Results were recently published for a trial of ixmyelocel-T, a therapy consisting of the delivery of a mix of cell types generated from a patient sample, including mesenchymal and immune cells. This produced modestly promising results in a trial for limb ischemia a few years back, and here the focus is on heart failure, with a similar modestly promising outcome. To take a glass half empty view, the results suggest that in advanced cases of disease the present generation of regenerative therapies are too little, too late. Far greater rebuilding and reconstruction will be needed to do more than slow the decline, but equally these same present generation therapies would no doubt achieve more if used earlier and more often in the disease process, all the way back to preclinical stages. That would require something of a paradigm shift in the way mainstream medicine is practiced, however. The idea of treating people for prevention with therapies of this sort is not yet a popular one, sad to say, and the state of regulation makes it hard to start down that path within the bounds of the system.

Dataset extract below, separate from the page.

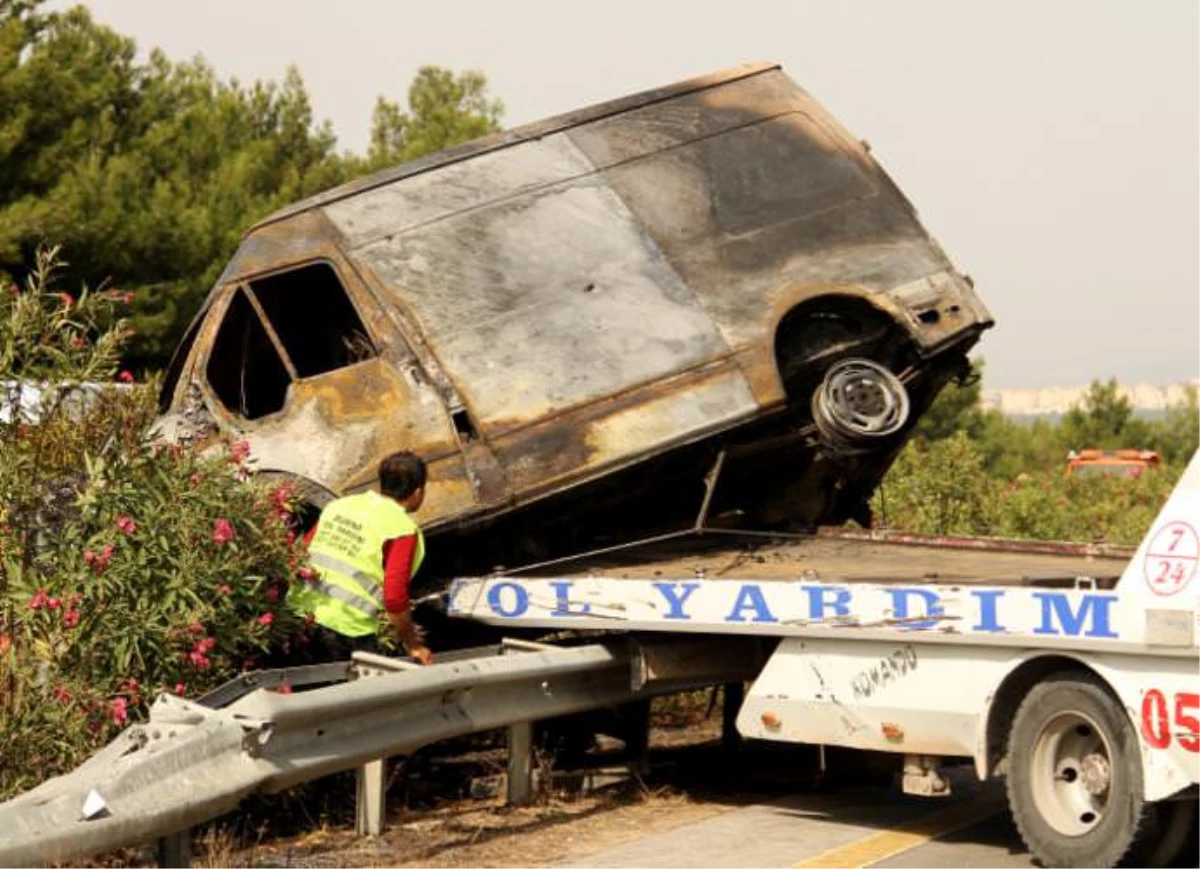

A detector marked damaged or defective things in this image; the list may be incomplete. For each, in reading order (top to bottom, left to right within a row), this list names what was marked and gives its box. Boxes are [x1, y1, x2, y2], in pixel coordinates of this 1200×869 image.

Among 109 patients randomized to receive the cell therapy or a placebo, those receiving the cell therapy, which involved extracting stem cells from a patient's own bone marrow, showed a 37 percent lower rate of the trial's primary endpoint, a composite of deaths, cardiovascular hospitalizations and clinic visits for sudden worsening of heart failure symptoms, over a 12-month period. "To date, this is the largest double-blind, placebo-controlled stem cell trial for treatment of heart failure to be presented." The study was a phase 2 clinical trial for a new stem cell therapy known as ixmyelocel-T. Using this technique, a doctor extracts a sample of bone marrow from a patient, processes it for two weeks to "enhance" it by increasing the number of beneficial stem cells, and then injects the processed bone marrow product into the same patient's heart muscle. The goal of the procedure is to strengthen the heart by increasing the number of functioning heart muscle cells, an approach known broadly as regenerative therapy.

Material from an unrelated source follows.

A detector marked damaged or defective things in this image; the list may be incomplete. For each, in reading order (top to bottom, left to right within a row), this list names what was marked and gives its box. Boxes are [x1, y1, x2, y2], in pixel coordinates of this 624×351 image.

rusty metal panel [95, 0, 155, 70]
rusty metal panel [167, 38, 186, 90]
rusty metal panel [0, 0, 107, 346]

The trial enrolled 109 patients with class III or IV heart failure resulting from ischemic cardiomyopathy, a type of heart failure that is related to restricted blood flow from a heart attack or coronary artery disease. Roughly half, 58 patients, were randomly assigned to receive intramyocardial ixmyelocel-T treatment, and 51 patients were assigned to receive a placebo. Patients in the control group underwent a bone marrow extraction and received a placebo injection two weeks later. Among patients given stem cell therapy, 3.4 percent died and 37.9 percent were hospitalized with cardiovascular problems, as compared to 13.7 percent and 49.0 percent, respectively, in the placebo group. Patients given stem cell therapy also had, on average, a longer amount of time until their first adverse event. Other measures of heart function and quality of life, including a walking endurance test and a measurement of the amount of blood pumped out of the left ventricle with each contraction, also suggested improvements in the group receiving ixmyelocel-T.